_EXERCISE PROMPT_: The records below are to be copied exactly, with their pictures left out.
^^^^^^^^
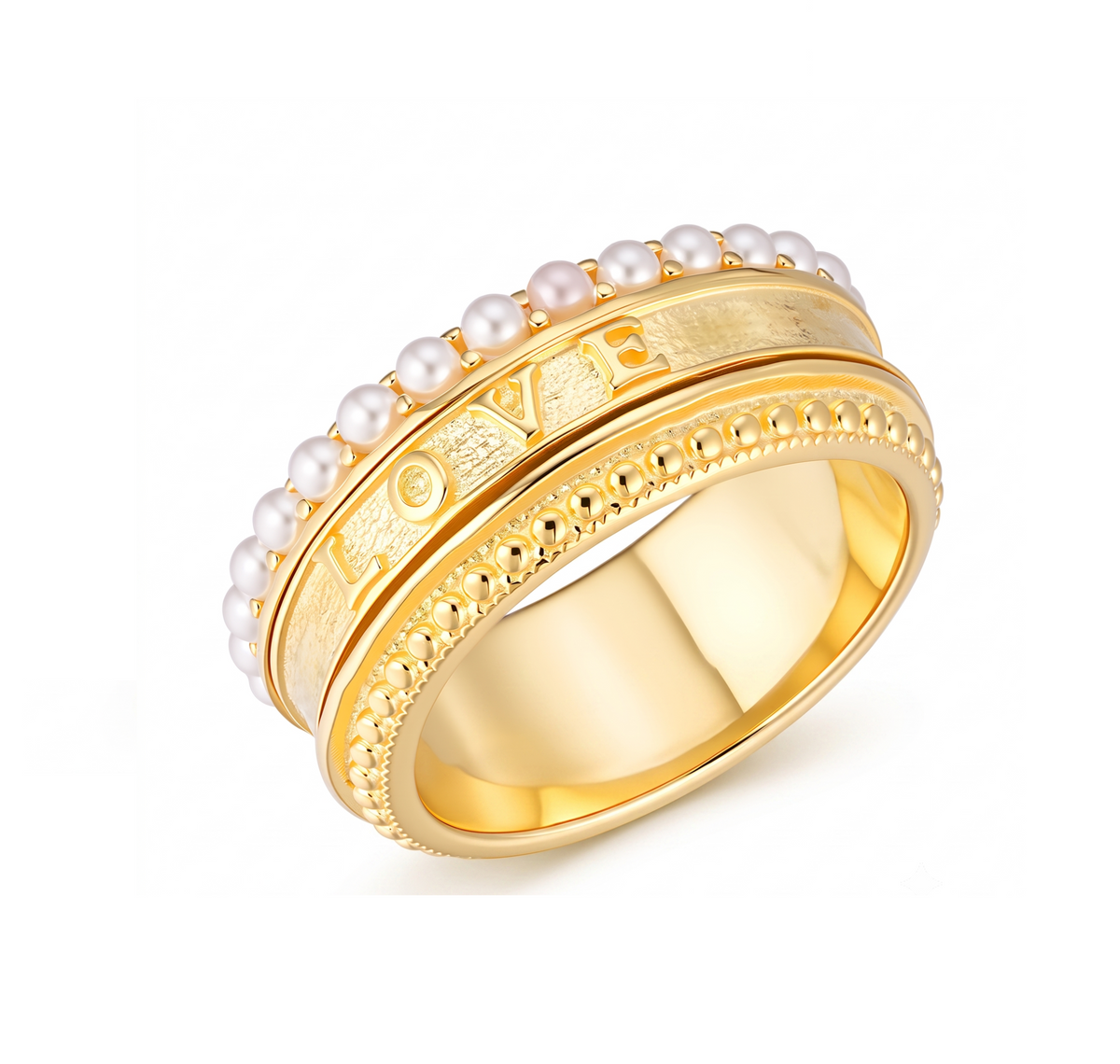 Spin Love Ring in 925 sterling silver with cubic zirconia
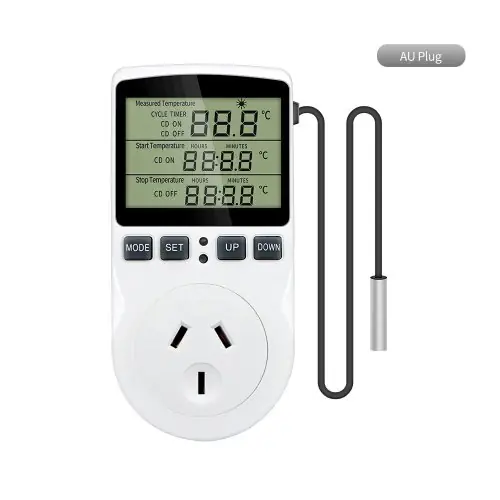 Image de Thermostat Numérique avec Minuterie - Contrôle de Température Intelligent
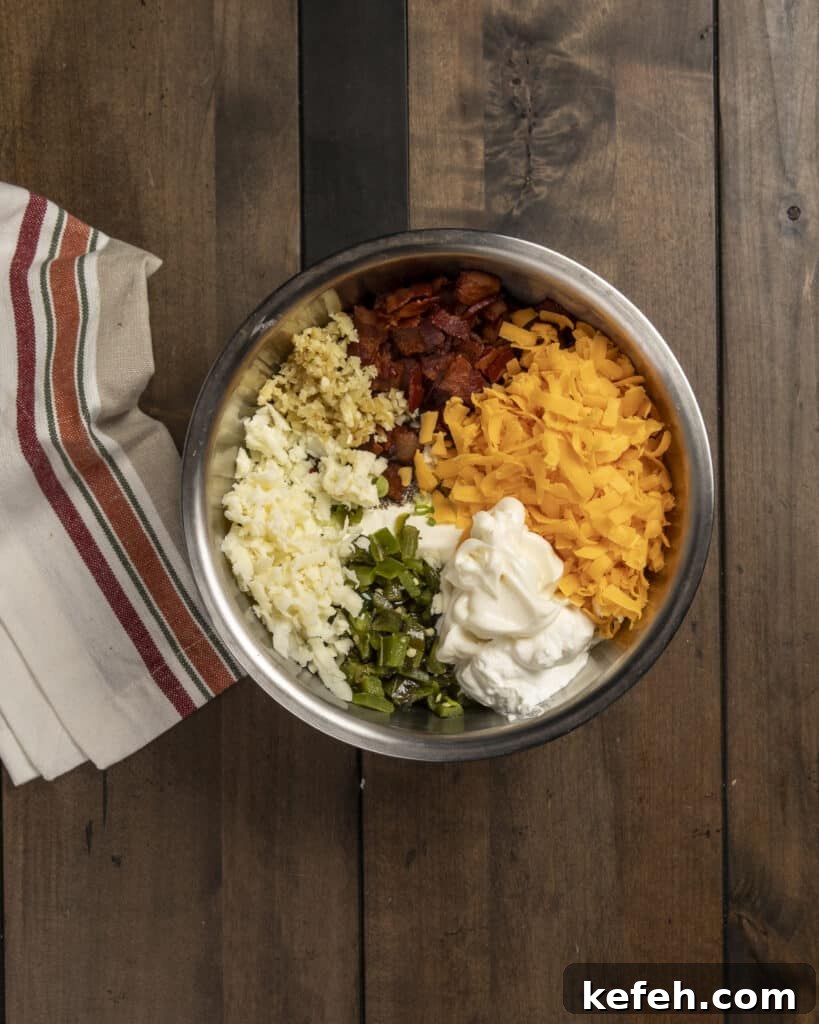Mixing the dip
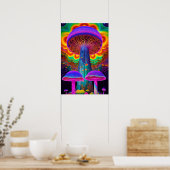 Bioluminescente Fantasie Paddenstoel Poster Set (Keuken)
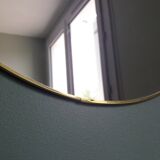 3 miroirs ronds métal doré, diametre 35, 30 et 20 cm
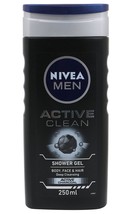 Nivea Men Active Clean Shower Gel, 250 ml (Free shipping worldwide) - £19.53 GBP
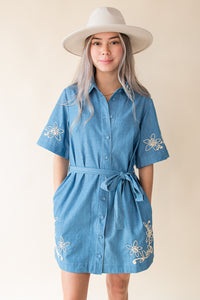 Soaring Sails Mini Dress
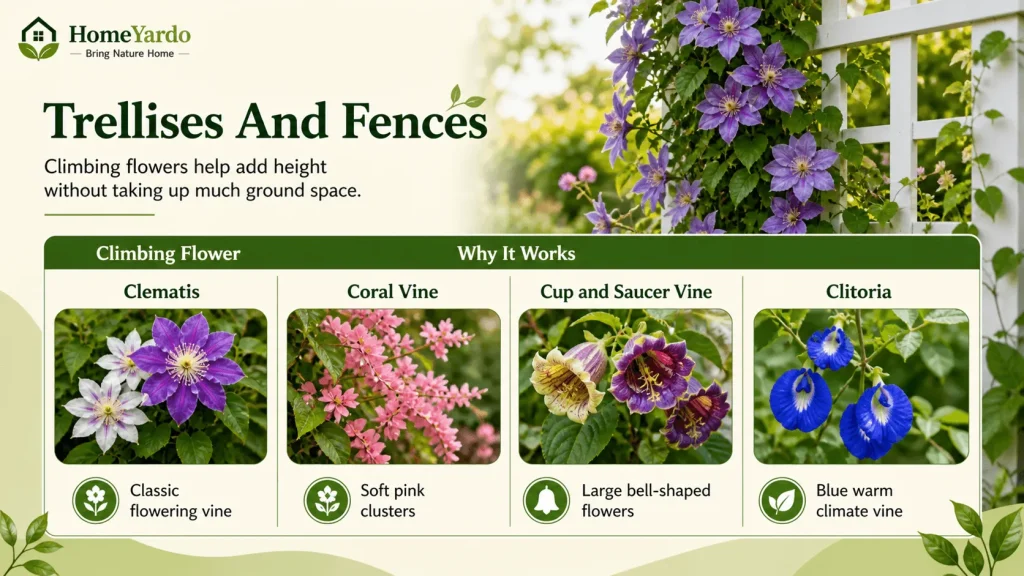 tresllies and fences Flower that start with C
^^^^^^^^
_RESULT_:
 Spin Love Ring in 925 sterling silver with cubic zirconia
 Image de Thermostat Numérique avec Minuterie - Contrôle de Température Intelligent
Mixing the dip
 Bioluminescente Fantasie Paddenstoel Poster Set (Keuken)
 3 miroirs ronds métal doré, diametre 35, 30 et 20 cm
 Nivea Men Active Clean Shower Gel, 250 ml (Free shipping worldwide) - £19.53 GBP
 Soaring Sails Mini Dress
 tresllies and fences Flower that start with C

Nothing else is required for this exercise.